**Your task**: The line with "Mandali Hotel —", the line with "2012-case-ih-330-image-13", and all lines between them in the material below: return these exactly, and no others.

**Entries shown**:
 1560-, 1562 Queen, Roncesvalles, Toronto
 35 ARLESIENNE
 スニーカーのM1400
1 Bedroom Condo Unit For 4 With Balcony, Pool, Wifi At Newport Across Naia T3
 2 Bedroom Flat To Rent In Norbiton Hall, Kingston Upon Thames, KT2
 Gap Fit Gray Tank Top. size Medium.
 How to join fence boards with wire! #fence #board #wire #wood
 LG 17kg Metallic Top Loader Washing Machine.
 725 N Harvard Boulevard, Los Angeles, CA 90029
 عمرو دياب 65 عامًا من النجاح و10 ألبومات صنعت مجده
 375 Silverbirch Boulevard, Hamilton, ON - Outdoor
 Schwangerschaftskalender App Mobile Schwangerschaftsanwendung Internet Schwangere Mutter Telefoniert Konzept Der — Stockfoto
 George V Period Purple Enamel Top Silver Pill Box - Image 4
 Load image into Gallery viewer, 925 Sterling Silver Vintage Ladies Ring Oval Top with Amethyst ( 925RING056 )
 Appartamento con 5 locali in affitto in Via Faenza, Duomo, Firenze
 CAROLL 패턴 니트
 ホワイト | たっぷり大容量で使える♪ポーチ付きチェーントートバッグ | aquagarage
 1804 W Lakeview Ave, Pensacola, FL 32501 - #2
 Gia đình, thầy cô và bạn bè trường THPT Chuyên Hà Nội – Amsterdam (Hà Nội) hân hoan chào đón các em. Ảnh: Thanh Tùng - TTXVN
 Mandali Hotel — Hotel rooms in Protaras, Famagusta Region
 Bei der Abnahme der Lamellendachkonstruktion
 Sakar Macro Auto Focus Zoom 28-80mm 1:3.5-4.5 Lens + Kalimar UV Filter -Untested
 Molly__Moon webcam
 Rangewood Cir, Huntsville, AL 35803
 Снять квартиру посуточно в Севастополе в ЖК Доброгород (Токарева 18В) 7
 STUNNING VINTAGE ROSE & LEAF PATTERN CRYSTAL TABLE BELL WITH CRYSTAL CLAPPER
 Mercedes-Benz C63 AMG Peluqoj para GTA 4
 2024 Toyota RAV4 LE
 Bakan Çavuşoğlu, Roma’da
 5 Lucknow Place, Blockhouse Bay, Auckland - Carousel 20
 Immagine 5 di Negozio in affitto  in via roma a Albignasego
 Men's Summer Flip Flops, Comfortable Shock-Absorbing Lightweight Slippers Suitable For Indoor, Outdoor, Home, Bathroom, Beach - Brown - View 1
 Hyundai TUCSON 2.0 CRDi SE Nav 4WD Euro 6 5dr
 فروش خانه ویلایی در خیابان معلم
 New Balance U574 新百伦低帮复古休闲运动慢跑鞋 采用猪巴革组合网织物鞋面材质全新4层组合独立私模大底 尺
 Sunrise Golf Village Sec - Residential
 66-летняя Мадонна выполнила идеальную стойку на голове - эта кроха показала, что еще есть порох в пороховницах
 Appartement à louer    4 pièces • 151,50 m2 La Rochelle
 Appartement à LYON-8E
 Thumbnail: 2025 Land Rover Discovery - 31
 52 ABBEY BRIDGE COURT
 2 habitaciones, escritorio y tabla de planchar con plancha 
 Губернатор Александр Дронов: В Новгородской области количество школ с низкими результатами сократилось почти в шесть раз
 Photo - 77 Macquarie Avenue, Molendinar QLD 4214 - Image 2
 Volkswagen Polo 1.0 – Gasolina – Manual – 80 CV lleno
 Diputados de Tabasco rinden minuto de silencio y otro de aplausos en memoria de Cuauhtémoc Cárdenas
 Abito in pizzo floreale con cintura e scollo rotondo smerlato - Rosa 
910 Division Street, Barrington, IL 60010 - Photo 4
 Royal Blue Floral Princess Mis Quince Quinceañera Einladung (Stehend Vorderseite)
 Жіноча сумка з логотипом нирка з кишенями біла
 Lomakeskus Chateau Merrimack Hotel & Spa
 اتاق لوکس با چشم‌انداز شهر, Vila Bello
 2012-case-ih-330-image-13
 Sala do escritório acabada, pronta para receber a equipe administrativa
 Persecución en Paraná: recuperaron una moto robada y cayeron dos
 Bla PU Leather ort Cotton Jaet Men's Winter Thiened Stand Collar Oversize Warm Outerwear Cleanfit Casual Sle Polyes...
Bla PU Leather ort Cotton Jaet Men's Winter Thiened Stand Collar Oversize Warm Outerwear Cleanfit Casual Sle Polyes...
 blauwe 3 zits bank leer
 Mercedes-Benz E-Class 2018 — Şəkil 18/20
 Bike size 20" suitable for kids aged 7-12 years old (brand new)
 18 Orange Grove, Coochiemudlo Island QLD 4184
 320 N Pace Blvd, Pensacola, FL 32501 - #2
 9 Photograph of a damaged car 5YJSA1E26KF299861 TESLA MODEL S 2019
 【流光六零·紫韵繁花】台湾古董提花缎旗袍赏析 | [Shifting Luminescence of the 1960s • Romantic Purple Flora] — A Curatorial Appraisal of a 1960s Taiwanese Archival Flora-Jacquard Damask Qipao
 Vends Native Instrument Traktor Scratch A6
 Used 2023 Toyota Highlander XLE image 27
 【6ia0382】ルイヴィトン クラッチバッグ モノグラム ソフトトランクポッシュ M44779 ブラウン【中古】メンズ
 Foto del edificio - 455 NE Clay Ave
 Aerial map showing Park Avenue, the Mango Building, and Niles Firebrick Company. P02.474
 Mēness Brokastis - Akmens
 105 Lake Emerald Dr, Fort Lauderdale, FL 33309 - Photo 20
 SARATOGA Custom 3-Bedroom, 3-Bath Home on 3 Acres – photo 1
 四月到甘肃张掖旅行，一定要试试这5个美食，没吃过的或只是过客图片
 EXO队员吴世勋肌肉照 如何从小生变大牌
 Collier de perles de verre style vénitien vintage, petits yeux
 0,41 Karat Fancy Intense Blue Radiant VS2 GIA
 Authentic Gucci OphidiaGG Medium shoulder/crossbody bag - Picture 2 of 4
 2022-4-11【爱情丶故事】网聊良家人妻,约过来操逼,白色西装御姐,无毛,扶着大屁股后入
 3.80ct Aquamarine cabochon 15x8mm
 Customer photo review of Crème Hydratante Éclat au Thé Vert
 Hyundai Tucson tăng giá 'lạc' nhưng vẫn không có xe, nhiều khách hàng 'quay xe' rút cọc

**Output below**:
 Mandali Hotel — Hotel rooms in Protaras, Famagusta Region
 Bei der Abnahme der Lamellendachkonstruktion
 Sakar Macro Auto Focus Zoom 28-80mm 1:3.5-4.5 Lens + Kalimar UV Filter -Untested
 Molly__Moon webcam
 Rangewood Cir, Huntsville, AL 35803
 Снять квартиру посуточно в Севастополе в ЖК Доброгород (Токарева 18В) 7
 STUNNING VINTAGE ROSE & LEAF PATTERN CRYSTAL TABLE BELL WITH CRYSTAL CLAPPER
 Mercedes-Benz C63 AMG Peluqoj para GTA 4
 2024 Toyota RAV4 LE
 Bakan Çavuşoğlu, Roma’da
 5 Lucknow Place, Blockhouse Bay, Auckland - Carousel 20
 Immagine 5 di Negozio in affitto  in via roma a Albignasego
 Men's Summer Flip Flops, Comfortable Shock-Absorbing Lightweight Slippers Suitable For Indoor, Outdoor, Home, Bathroom, Beach - Brown - View 1
 Hyundai TUCSON 2.0 CRDi SE Nav 4WD Euro 6 5dr
 فروش خانه ویلایی در خیابان معلم
 New Balance U574 新百伦低帮复古休闲运动慢跑鞋 采用猪巴革组合网织物鞋面材质全新4层组合独立私模大底 尺
 Sunrise Golf Village Sec - Residential
 66-летняя Мадонна выполнила идеальную стойку на голове - эта кроха показала, что еще есть порох в пороховницах
 Appartement à louer    4 pièces • 151,50 m2 La Rochelle
 Appartement à LYON-8E
 Thumbnail: 2025 Land Rover Discovery - 31
 52 ABBEY BRIDGE COURT
 2 habitaciones, escritorio y tabla de planchar con plancha 
 Губернатор Александр Дронов: В Новгородской области количество школ с низкими результатами сократилось почти в шесть раз
 Photo - 77 Macquarie Avenue, Molendinar QLD 4214 - Image 2
 Volkswagen Polo 1.0 – Gasolina – Manual – 80 CV lleno
 Diputados de Tabasco rinden minuto de silencio y otro de aplausos en memoria de Cuauhtémoc Cárdenas
 Abito in pizzo floreale con cintura e scollo rotondo smerlato - Rosa 
910 Division Street, Barrington, IL 60010 - Photo 4
 Royal Blue Floral Princess Mis Quince Quinceañera Einladung (Stehend Vorderseite)
 Жіноча сумка з логотипом нирка з кишенями біла
 Lomakeskus Chateau Merrimack Hotel & Spa
 اتاق لوکس با چشم‌انداز شهر, Vila Bello
 2012-case-ih-330-image-13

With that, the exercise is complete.